A União, após tentar justificar a tributação dos lucros de controladas e coligadas no exterior com base no conceito de “renda ficta”, e posteriormente, com fulcro na noção de equivalência patrimonial, vem mais recentemente pretendendo sustentar a alegada constitucionalidade do art. 74 da MP nº 2.158-35/01 nos princípios da universalidade, da capacidade contributiva e da isonomia.
Para tanto, parte de premissa duplamente equivocada ao pretender, de um lado, restringir o alcance do precedente contido no RE nº 172.058 a situações em que os sócios seriam exclusivamente pessoas físicas, em oposição às situações em que os sócios fossem, eles também, pessoas jurídicas, e, de outro lado, ao segregar de maneira absolutamente rígida os métodos de apuração da base de cálculo na tributação sobre a renda, a saber, o regime de “caixa” para as pessoas físicas e de “competência” para as pessoas jurídicas.

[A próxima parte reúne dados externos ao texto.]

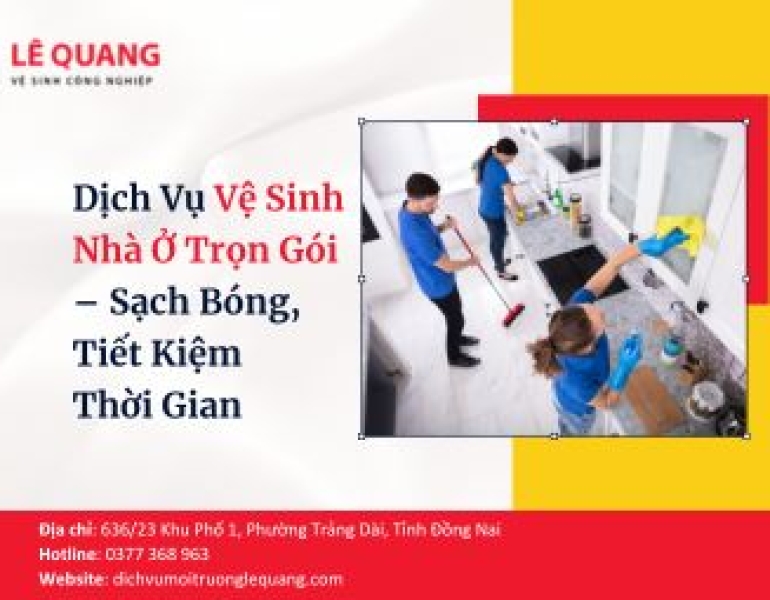 Dịch Vụ Vệ Sinh Nhà Ở Trọn Gói – Sạch Bóng, Tiết Kiệm Thời Gian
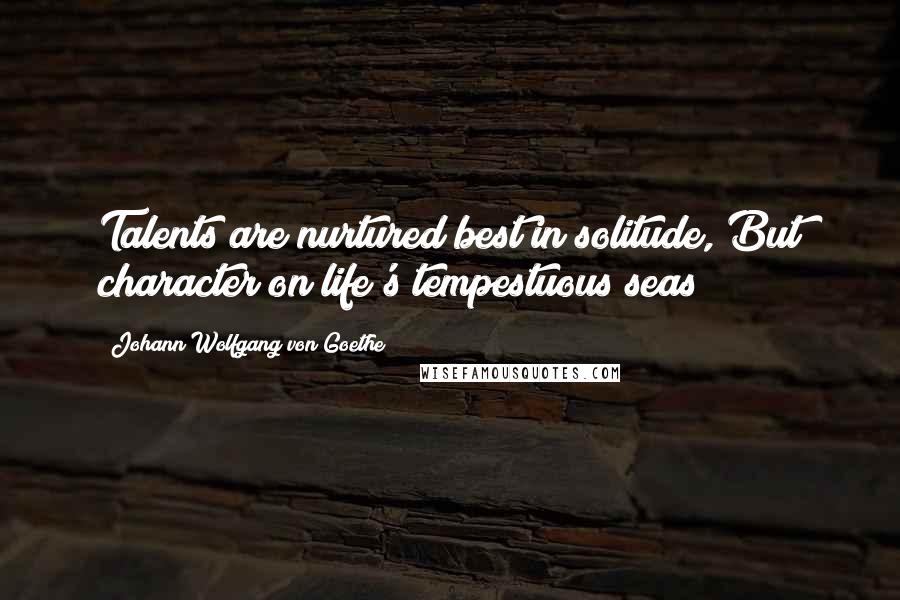 Johann Wolfgang Von Goethe Quotes: Talents are nurtured best in solitude, But character on life's tempestuous seas!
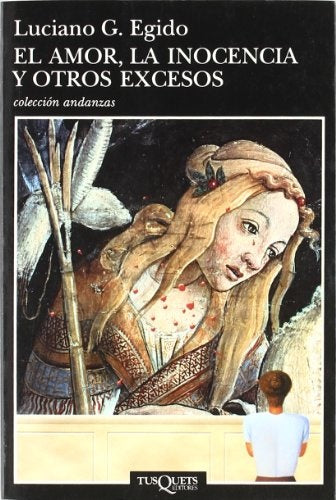 EL AMOR, LA INOCENCIA Y OTROS EXCESOS | LucianoG. Egido
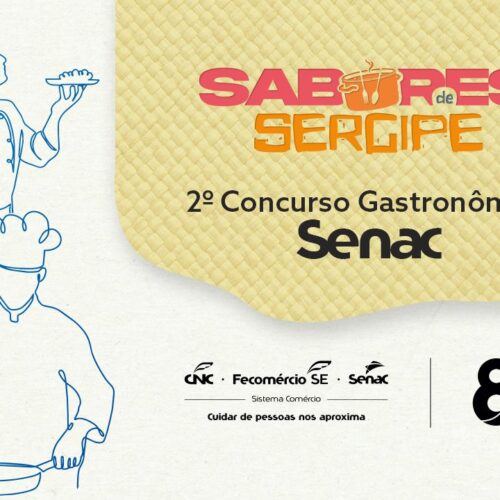 Senac Sergipe celebra identidade regional com o 2º Concurso Gastronômico Sabores de Sergipe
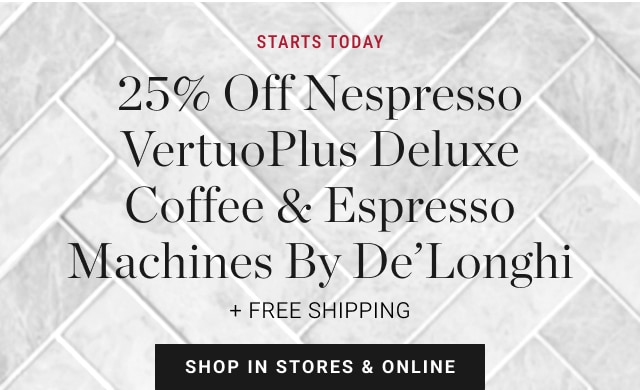 25% Off Nespresso VertuoPlus Deluxe Coffee & Espresso Machines By De’Longhi + free shipping - shop in stores & online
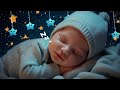 Mozart &amp; Brahms Lullabies 🌛 Baby Sleep Music 💤 Calm Your Baby Quickly &amp; Fall Asleep in 3 Minutes 🎵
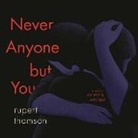 Rupert Thomson - Never Anyone But You (Audio book)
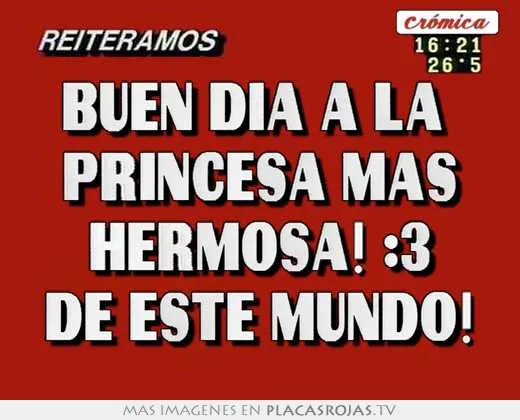 Buen dia a la princesa mas hermosa! :3 de este mundo! - Placas ... Buen dia a la princesa mas hermosa! :3 de este mundo! - Placas ...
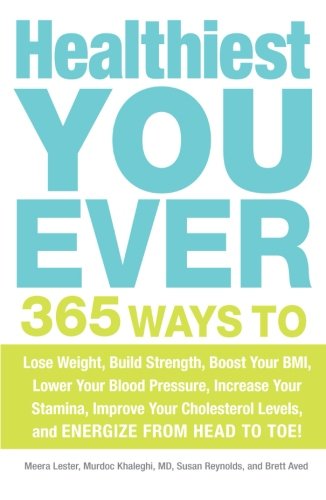 Healthiest You Ever: 365 Ways to Lose Weight, Build Strength, Boost Your BMI, Lower Your Blood Pressure, Increase Your Stamina, Improve Your Cholesterol Levels, and Energize from Head to Toe! by Meera Lester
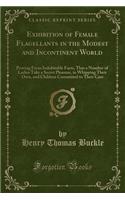 Exhibition of Female Flagellants in the Modest and Incontinent World: Proving from Indubitable Facts, That a Number of Ladies Take a Secret Pleasure, in Whipping Their Own, and Children Committed to Their Care (Classic(English)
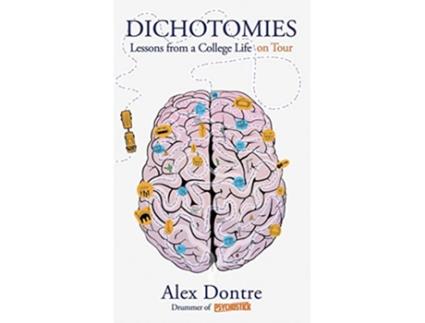Livro Dichotomies Lessons from a College Life on Tour de Alex Dontre (Inglês)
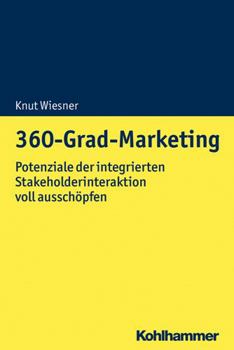 Paperback 360-Grad-Marketing: Potenziale Der Integrierten Stakeholderinteraktion Voll Ausschopfen [German] Book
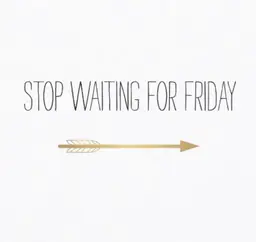 stopwaitingforfriday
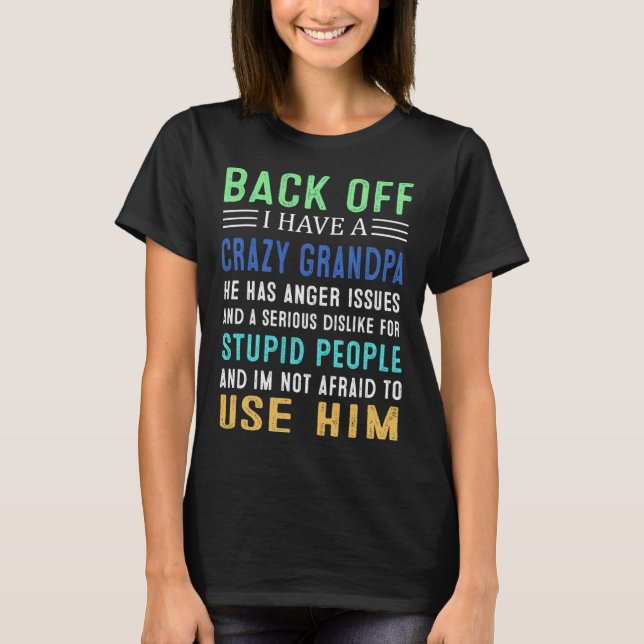 Back Off I Have A Crazy Grandpa Sibling T-Shirt (Vorderseite)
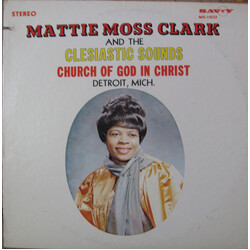 Mattie Moss Clark And The Clesiastic Sounds Church of God In Christ Detroit, Mich Vinyl LP USED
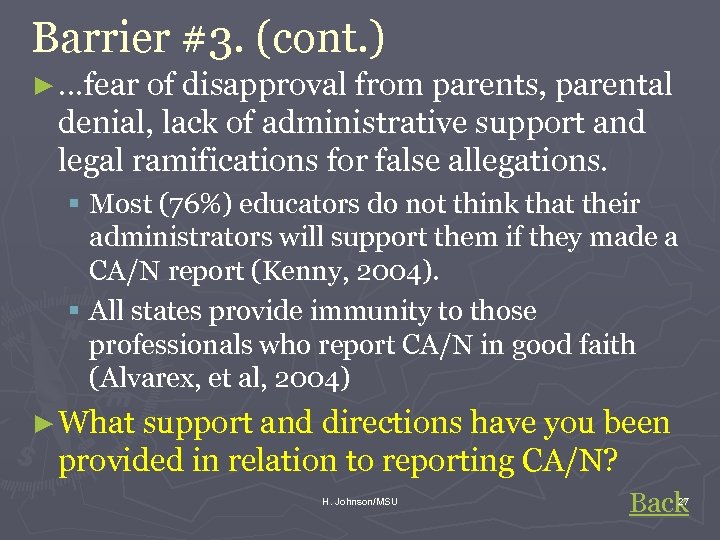 Barrier #3. (cont. ) ►. . . fear of disapproval from parents, parental denial,
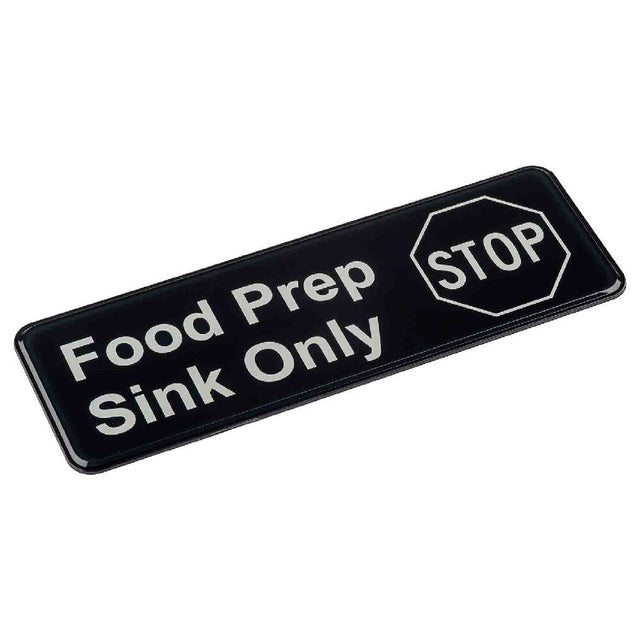 TableCraft Products 13046 - Sign "Food Prep Sink Only", 9" X 0.125" X 3", Rectangular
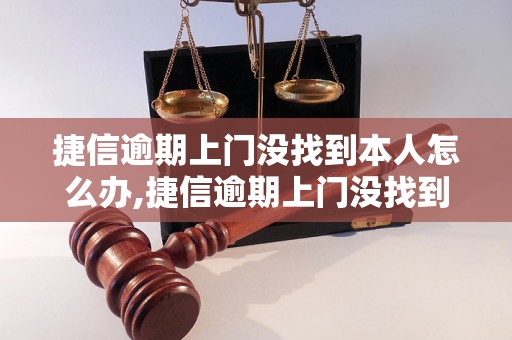 捷信逾期上门没找到本人怎么办,捷信逾期上门没找到本人后果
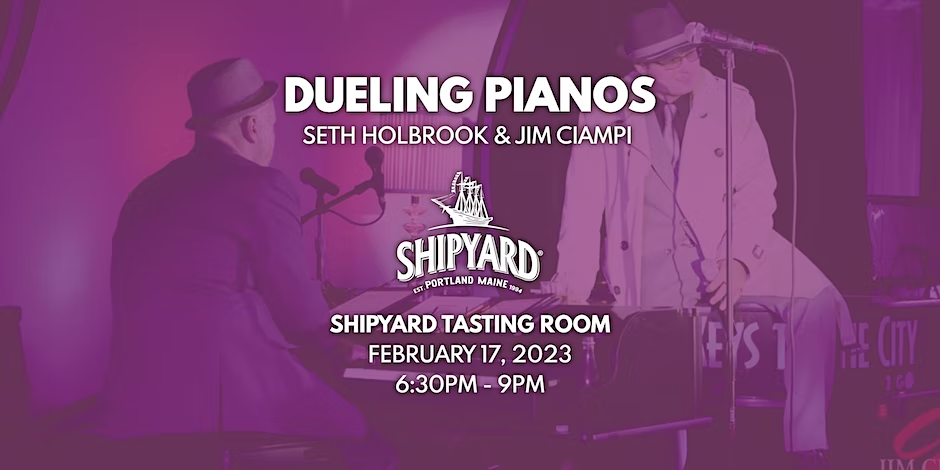 Jim Ciampi Keys to the City Dueling Pianos at Shipyard Tasting Room @ Shipyard Tasting Room | Portland | Maine | United States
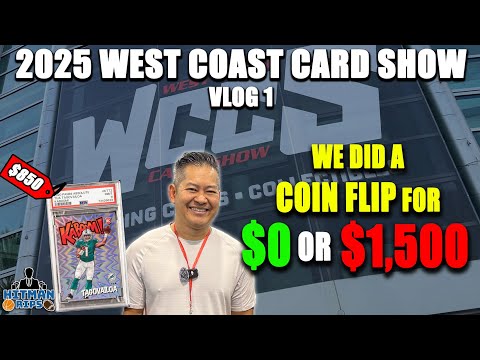 WE DID A COIN FLIP for FREE or DOUBLE COMPS! 2025 West Coast Card Show (WCCS) - VLOG 1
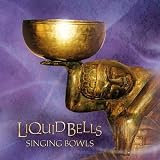 Liquid Bells Singing Bowls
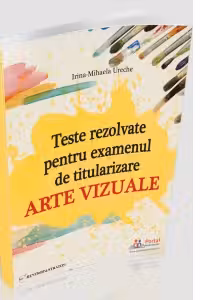 Teste rezolvate pentru examenul de titularizare. Arte vizuale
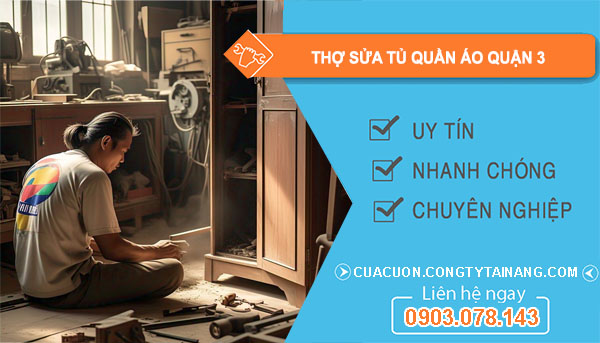 Thợ Sửa Tủ Quần Áo tại Quận 3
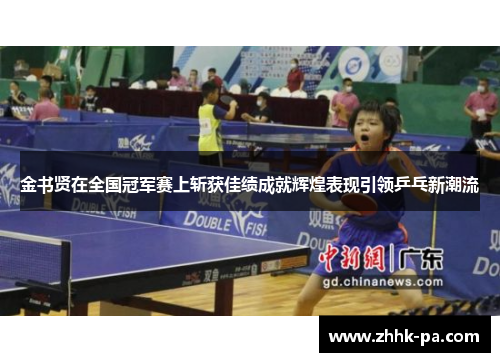 金书贤在全国冠军赛上斩获佳绩成就辉煌表现引领乒乓新潮流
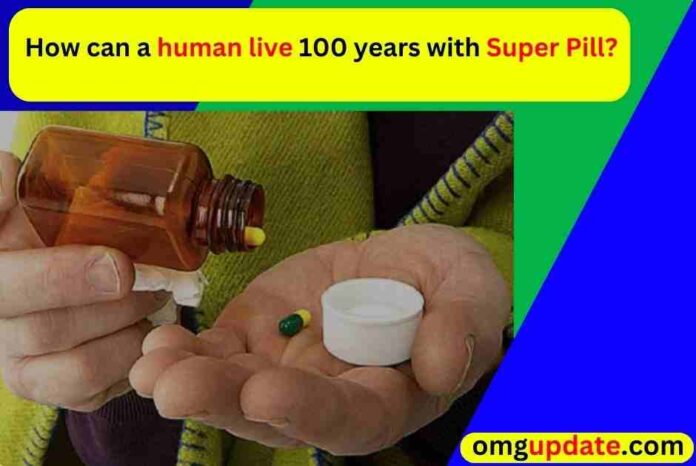 How can a human live 100 years with Super Pill
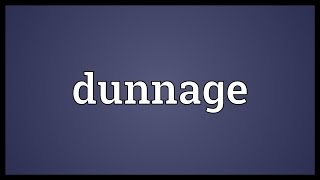 Dunnage Meaning [upl. by Gnurt720]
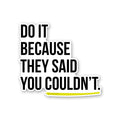 Do It Because They Said Sticker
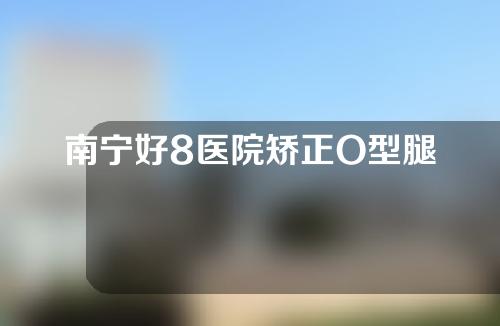 南宁好8医院矫正O型腿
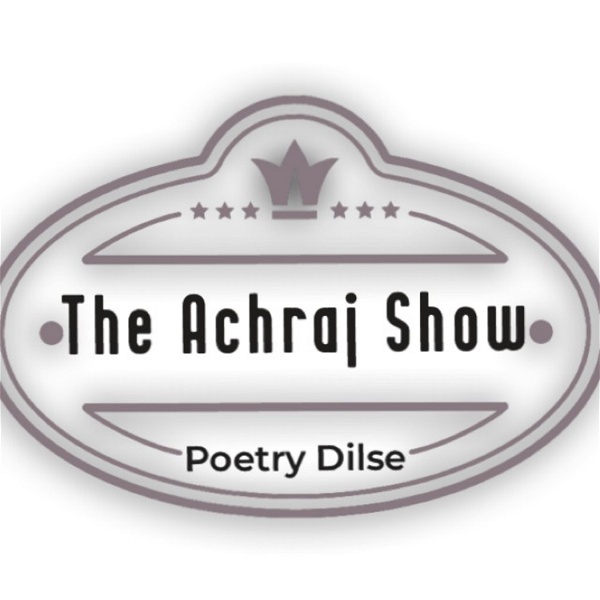 Artwork for The Achraj Show : Poetry ♡ से
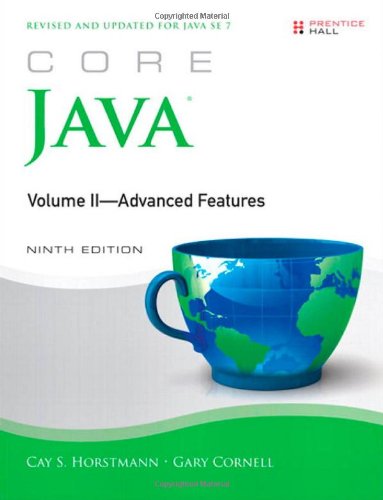 Core Java, Volume II--Advanced Features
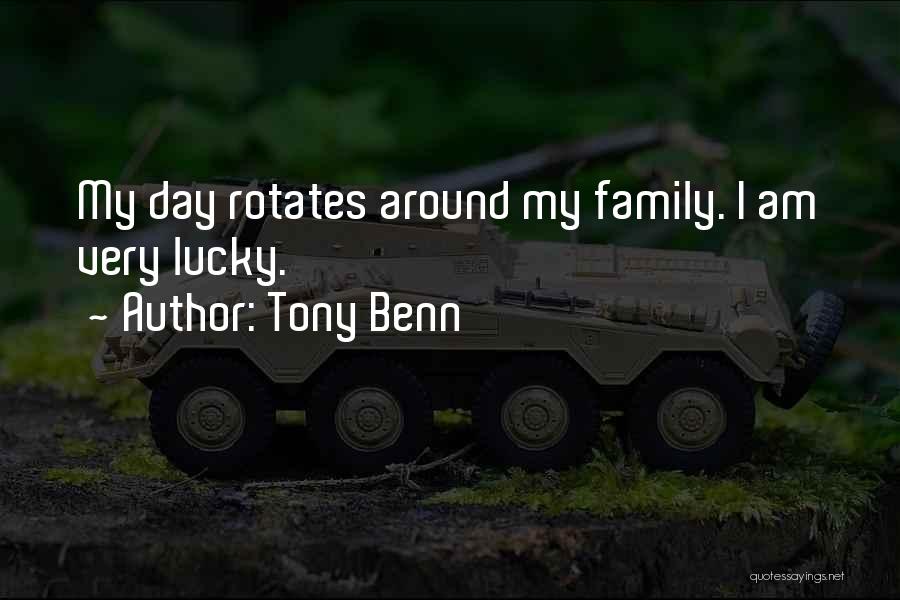 Tony Benn Quotes: My Day Rotates Around My Family. I Am Very Lucky.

Com efeito, a Fazenda Nacional, em memorial acostado aos autos da Arguição de Inconstitucionalidade nº 2003.61.00.000024-5, em trâmite perante o Tribunal Regional Federal da 3ª Região, afirma expressamente:
“e) não é aplicável no caso o precedente do Supremo Tribunal Federal tomado no julgamento do RE 172.058, eis que ali se examinada a disponibilidade da renda para a pessoa física, que segue o regime de caixa para fins de apuração do tributo, hipótese em que é curial o efetivo ingresso do recurso para que ocorra a tributação. Nesse sentido, cabe transcrever trecho do parecer da lavra do douto Procurador da República, da Procuradoria Regional da República da 3ª Região, Dr. Osório Barbosa, acostado aos autos: ´Já para as pessoas físicas, prevalece o regime de caixa, já que não há a complexidade como ocorre no caso das pessoas jurídicas. Tal entendimento foi aplicado ao RE 172.058 citado pelo D. Relator, o que se coaduna, naquele caso concreto, já que se tratava de sócios de empresa individual, e desta forma, correto o afastamento do art. 74 da MP nº 2.158-35/01. Porém, tal precedente do STF não merece aplicabilidade ao presente caso, como foi demonstrado anteriormente, por se tratar de tributação de sócios de empresa individual, ou seja, pessoas físicas sujeita ao regime de caixa´” (sic, destaque no original – fl. 412).
Ao pretender restringir às pessoas físicas investidoras o alcance do precedente estabelecido pela quase unanimidade do Plenário do Supremo Tribunal Federal no RE nº 172.058[1], a União labora em equívoco manifesto.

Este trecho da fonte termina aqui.